5G, which has yet to win meaningful share of enterprise IT budgets, is a technology Intel is promoting heavily. The company sees traction in the market and recently created a new profit center for its Network Business Incubation Division, headed by its VP for 5G infrastructure, Caroline Chan.

“We see the scale is there; that’s why we decided to take the plunge,” said Chan, adding that her division is on track to hit its numbers this year.

Chan’s unit is part of Intel’s Network and Edge group. She sees network and edge as two circles in a Venn diagram, and she said the overlap is where private networks make sense.

Edge compute discussions with potential customers can lead to conversations about private networks, Chan explained. “We have a longstanding edge business,” she said. “They have many market-ready solutions.” She said her team looks at these solutions for different verticals to see if private wireless can add value.

“We test it with a private network, benchmark it and provide a solution kit,” Chan said. “Not everything needs connectivity, but some do and we can offer it.”

Server partners like Dell and HPE are critical to Intel’s private networks business, Chan said, as are the wireless carriers, their equipment vendors, and the large systems integrators.

“The ecosystem is diverse and the partner ecosystem is too,” Chan explained. “We don’t know what the market really will be like.”

So Intel is hedging its bets with myriad private network partnerships. Recently the chipmaker announced a partnership with Cox Communications, which has both an edge business unit and a private networks division. Intel also teamed up with Verizon and Nokia to deploy the Associated British Ports private network in Southampton.

In addition to Nokia, Intel has partnered with equipment vendors Cisco and Ericsson’s Cradlepoint, Chan said.  System integrator project partners have included Kyndryl, Betacom, NTT, HCL and World Wide Technology (WWT).

With integrators as partners, Intel can market private network solutions directly to enterprise customers, and then “bring in the telcos for services,” Chan said.

She added that a number of Intel’s private network projects do not use carrier-owned spectrum. “A lot of revenue is coming from CBRS, especially [when we market] direct to enterprise,” she said. For example, Intel worked with Federated Wireless and Blue White Robotics to deploy a private network at a California winery using shared CBRS spectrum.

Marketing private wireless to the enterprise requires new skill sets for Chan's team. “The team we assemble has people in IT and also people in security,” she said. The network stack for a private network solution needs to integrate with enterprise Wi-Fi and ethernet, and often needs to talk to an existing operations technology (OT) system, Chan explained.

Data gathered from an OT system is increasingly important to enterprises that want to leverage AI, and Chan said most of them do. “You can’t talk private networks without talking AI."

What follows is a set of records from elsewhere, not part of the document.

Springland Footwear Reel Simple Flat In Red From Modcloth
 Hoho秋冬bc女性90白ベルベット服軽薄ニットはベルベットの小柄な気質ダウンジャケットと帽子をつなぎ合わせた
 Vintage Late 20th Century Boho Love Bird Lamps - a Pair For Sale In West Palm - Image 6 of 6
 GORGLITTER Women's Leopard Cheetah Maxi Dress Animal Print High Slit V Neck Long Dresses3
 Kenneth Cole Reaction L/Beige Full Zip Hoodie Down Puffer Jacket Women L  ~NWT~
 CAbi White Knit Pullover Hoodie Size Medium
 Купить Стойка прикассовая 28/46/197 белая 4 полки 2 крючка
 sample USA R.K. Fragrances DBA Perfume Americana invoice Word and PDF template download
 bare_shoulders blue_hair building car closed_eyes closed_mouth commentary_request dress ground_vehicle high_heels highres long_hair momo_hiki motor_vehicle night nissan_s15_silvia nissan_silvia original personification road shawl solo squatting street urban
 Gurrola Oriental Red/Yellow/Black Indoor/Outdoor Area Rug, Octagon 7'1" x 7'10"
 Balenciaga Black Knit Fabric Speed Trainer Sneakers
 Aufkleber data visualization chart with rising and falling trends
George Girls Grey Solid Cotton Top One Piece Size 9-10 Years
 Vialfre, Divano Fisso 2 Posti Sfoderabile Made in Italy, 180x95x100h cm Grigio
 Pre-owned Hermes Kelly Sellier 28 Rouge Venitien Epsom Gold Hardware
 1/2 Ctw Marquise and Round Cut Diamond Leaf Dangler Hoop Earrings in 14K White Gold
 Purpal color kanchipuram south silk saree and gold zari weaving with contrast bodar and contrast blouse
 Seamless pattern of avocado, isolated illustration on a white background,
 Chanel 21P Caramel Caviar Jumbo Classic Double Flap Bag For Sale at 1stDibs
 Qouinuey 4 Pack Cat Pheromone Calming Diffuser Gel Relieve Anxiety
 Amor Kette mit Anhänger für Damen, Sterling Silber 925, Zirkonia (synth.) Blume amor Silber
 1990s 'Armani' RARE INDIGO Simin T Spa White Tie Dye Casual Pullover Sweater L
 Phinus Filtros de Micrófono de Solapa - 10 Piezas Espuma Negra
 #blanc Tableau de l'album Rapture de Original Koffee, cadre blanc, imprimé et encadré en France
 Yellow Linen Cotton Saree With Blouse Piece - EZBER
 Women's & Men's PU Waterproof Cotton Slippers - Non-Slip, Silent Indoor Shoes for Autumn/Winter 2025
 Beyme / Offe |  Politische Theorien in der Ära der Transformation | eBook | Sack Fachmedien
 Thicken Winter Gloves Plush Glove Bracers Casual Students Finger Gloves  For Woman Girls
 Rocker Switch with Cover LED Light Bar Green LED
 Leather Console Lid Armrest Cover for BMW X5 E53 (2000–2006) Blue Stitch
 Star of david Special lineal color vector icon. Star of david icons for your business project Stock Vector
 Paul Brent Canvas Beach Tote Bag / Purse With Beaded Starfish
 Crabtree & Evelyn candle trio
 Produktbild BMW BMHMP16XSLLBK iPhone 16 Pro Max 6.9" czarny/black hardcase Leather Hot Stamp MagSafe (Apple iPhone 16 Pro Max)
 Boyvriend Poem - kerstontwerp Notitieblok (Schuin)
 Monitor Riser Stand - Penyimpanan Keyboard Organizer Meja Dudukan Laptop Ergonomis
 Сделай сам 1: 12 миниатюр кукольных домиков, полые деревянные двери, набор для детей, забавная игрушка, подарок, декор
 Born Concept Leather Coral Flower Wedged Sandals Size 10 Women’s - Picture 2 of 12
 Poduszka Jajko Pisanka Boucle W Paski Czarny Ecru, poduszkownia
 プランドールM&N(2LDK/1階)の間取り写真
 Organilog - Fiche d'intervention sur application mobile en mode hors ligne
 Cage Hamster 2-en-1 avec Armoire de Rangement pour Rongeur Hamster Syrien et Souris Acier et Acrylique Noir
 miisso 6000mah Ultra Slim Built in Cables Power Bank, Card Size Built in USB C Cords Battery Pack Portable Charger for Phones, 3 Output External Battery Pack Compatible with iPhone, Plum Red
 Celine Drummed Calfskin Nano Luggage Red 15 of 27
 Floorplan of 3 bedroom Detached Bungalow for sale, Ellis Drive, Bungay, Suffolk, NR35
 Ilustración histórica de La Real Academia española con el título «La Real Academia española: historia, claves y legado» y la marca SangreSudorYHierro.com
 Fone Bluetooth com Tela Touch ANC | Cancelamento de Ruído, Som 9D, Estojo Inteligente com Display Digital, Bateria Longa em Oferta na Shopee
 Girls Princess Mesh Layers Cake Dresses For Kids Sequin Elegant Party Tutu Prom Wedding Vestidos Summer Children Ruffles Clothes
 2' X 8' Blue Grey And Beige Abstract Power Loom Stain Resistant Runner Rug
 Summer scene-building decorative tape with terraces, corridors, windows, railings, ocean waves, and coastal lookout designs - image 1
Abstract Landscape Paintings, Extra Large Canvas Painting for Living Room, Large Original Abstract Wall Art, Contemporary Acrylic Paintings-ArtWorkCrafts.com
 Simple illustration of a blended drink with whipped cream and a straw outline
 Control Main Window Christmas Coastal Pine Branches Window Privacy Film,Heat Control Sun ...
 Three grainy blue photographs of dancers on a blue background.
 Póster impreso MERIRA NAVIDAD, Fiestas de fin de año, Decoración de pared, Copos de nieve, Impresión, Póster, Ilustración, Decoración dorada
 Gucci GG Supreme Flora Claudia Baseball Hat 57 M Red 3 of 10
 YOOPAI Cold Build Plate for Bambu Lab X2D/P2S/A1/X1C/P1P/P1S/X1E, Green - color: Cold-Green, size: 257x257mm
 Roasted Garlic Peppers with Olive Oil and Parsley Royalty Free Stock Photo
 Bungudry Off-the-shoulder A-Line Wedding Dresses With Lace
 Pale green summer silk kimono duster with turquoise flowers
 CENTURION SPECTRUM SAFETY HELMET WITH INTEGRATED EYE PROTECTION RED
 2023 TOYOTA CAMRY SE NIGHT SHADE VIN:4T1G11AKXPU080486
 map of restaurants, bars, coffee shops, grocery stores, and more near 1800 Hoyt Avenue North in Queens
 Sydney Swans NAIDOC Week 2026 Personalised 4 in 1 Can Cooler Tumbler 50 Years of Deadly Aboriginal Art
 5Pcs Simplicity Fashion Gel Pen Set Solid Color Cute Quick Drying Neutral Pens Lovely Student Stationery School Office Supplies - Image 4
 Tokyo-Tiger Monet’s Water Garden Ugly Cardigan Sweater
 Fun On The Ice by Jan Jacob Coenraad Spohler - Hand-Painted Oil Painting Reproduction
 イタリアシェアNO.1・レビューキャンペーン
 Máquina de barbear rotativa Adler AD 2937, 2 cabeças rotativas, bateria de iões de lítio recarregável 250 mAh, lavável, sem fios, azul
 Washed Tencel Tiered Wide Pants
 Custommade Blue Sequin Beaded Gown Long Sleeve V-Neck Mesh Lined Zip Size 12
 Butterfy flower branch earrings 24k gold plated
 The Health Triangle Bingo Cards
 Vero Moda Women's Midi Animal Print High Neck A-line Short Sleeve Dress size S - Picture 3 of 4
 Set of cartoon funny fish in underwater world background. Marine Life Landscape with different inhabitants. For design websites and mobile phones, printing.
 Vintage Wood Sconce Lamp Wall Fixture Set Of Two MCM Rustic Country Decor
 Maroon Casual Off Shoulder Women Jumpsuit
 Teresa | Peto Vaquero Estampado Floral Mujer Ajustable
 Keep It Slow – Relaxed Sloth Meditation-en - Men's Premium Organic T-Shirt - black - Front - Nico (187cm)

Chan said enterprise customers are focused on edge inference, or analyzing data near the location at which it is generated, rather than sending it to the cloud. “By the time you get the data to the cloud and back it is stale,” she said. In addition, sending more data than necessary to the public cloud and back is costly. This is one of the opportunities for private networks, which can incorporate the intelligence to segregate data that can be processed and analyzed at the edge.